AEM tracked the recovery of its key client Intel, which soared 11.4 per cent in the past week on strong expected demand for data centre chips. Meanwhile, the shares of Innotek – which in October clinched a deal to supply equipment to support Nvidia’s AI efforts – spiked over the past week, climbing 19 per cent to S$0.74 as at market close on Jan 21.
Despite the steep levy, these latest semiconductor tariffs will have a “minimal impact” on Singapore, said the Republic’s Ministry of Trade and Industry on Tuesday. The tariffs only apply to a “narrow category of semiconductors not currently manufactured in Singapore”, said the ministry, which arrived at its preliminary assessment after consultation with the local semiconductor industry.
Still, there’s a potential overhang in the future that investors will be watching. In the same announcement, the White House said that in the “near future”, Trump may impose broader tariffs on imports of semiconductors and “their derivative products”.
Analysts positive even as investors go short
Sentiment remains cautious. Together with the decline in certain stocks, both UMS and AEM were two of the five most shorted Singapore stocks as at Jan 16, S&P Global Market Intelligence said.
But analysts are positive. Macquarie Equity Research on Monday initiated coverage on Frencken with an “outperform” rating and a target price of S$1.76. The equities platform said it expects a second-half 2026 pickup in semiconductor orders for Frencken.
Frencken customer ASML, which holds a near-monopoly on the advanced lithography machines used to produce high-end AI chips, could be receiving bigger orders for those machines – a rise from 47 to 54 units, with shipments to be backloaded, said its analysts.
“We expect this to translate to more orders for Frencken, as ASML demands more parts to fulfil its order backlog,” they added.
Ahead of the latest tariffs, DBS on Jan 9 reiterated a constructive stance on Singapore technology, citing an extended semiconductor upcycle and state-led market reforms.
The bank favoured Frencken, with a target price of S$1.92, for its diversified semiconductor exposure, alongside UMS, with a target price of S$1.85, which it said should capitalise on AI-driven production ramps and double-digit industry growth.

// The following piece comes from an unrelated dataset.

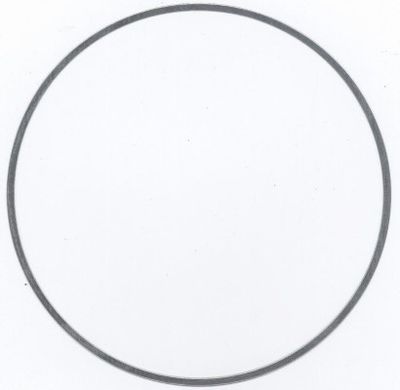 O-Ring, cylinder sleeve ELRING 896.455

Global chip stocks also soared on Thursday after Nvidia chief executive officer Jensen Huang said in Davos that the global AI buildout will require trillions of dollars of investment – reinforcing investor enthusiasm.
The memory effect
Beyond the limited direct impact of tariffs, Singapore’s manufacturing sector is expected to benefit from the sustained global shortage of dynamic random-access memory (DRAM) chips. The scarcity is expected to last for at least another year, having been spurred by Micron’s exit from the consumer DRAM market.
Both UMS and Frencken are beneficiaries of the global shortage, DBS said.
Micron produces 98 per cent of its top-end flash memory chips in Singapore and plans to start operations at its upcoming high-bandwidth memory (HBM) manufacturing plant in Singapore later this year. HBM is used for high-performance tasks such as training AI models.
Reflecting this demand, shares of US-listed Micron have risen about 66 per cent since the company’s announcement on Dec 3 and continued to rally in 2026, climbing about 16 per cent since the latest tariffs were announced as HBM demand continues to rise.
Analysts contend that the accretion of value in upstream semiconductor manufacturing will likely eclipse broader downstream cost pressures, presenting a potential strategic upside for major production hubs like Singapore.